Trying to grab all text from a pdf including information entered into fields (textbox) and notes - doesn’t seem to extract.
Any ideas?
Hi Scot,
Thank you very much for considering Aspose.
Can you please share the PDF and the code snippet you’re trying to use at your end? We’ll test the issue at our end and will update you accordingly.
We’re sorry for the inconvenience.
Regards,
Attached are two PDF documents.
One w/ notes. One w/ forms.
Hi Scot,
I’m testing the issue at my end, however I have noticed that the text is not being extracted from the file at all. Can you please share whether you’re able to extract the other text but not the form contents? Or, you’re unable to extract any text from these files.
Please share your thoughts on this,so we would be able to continue investigating the issue.
We’re sorry for the inconvenience.
Regards,
I am able to extract the form field names, but not the populated text.
As for the sheet with the sticky note-I can extract everything but the sticky note text.
code:
PdfExtractor pd = new PdfExtractor()
pd.BindPdf(@“c:\test.pdf”);
pd.ExtractTect();
pd.GetText(@“C:\test.txt”);
You must be using the un-licensed copy?
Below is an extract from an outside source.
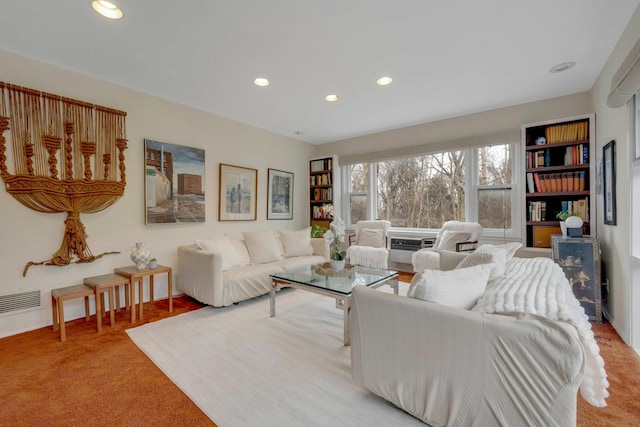 living room featuring recessed lighting, light colored carpet, and visible vents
When I run those files with the un-licensed PDF (trial) it doesn’t extract any text but when run with the licensed DLL it extracts like I have mentioned.
Hi Scot,
In order to extract form field values and the annotations of any kind you can use the following code snippets.
Code to extract form filed values:
//First a input pdf file should be assigned
Aspose.Pdf.Kit.Form form = new Aspose.Pdf.Kit.Form(“form.pdf”);
//get all field names
String[] allfields = form.FieldsNames;
for (int i = 0; i < allfields.Length; i++)
{
// Get the appearance attributes of each field, consequtively
string value = form.GetField(allfields[i]);
}
form.Save();
Code to extract annotations:
editor.BindPdf("test.pdf");
Enum[] annotType ={ AnnotationType.Text };
ArrayList annotList = editor.ExtractAnnotations(1, 1, annotType);
for (int i = 0; i < annotList.Count; i++)
{
Hashtable currentNode = (Hashtable)annotList[i];
Aspose.Pdf.Kit.Annotation annot = new Annotation(currentNode);
MessageBox.Show(annot.Contents);
}
I hope this works for you. If you're still not satisfied then please do let us know.
Regards,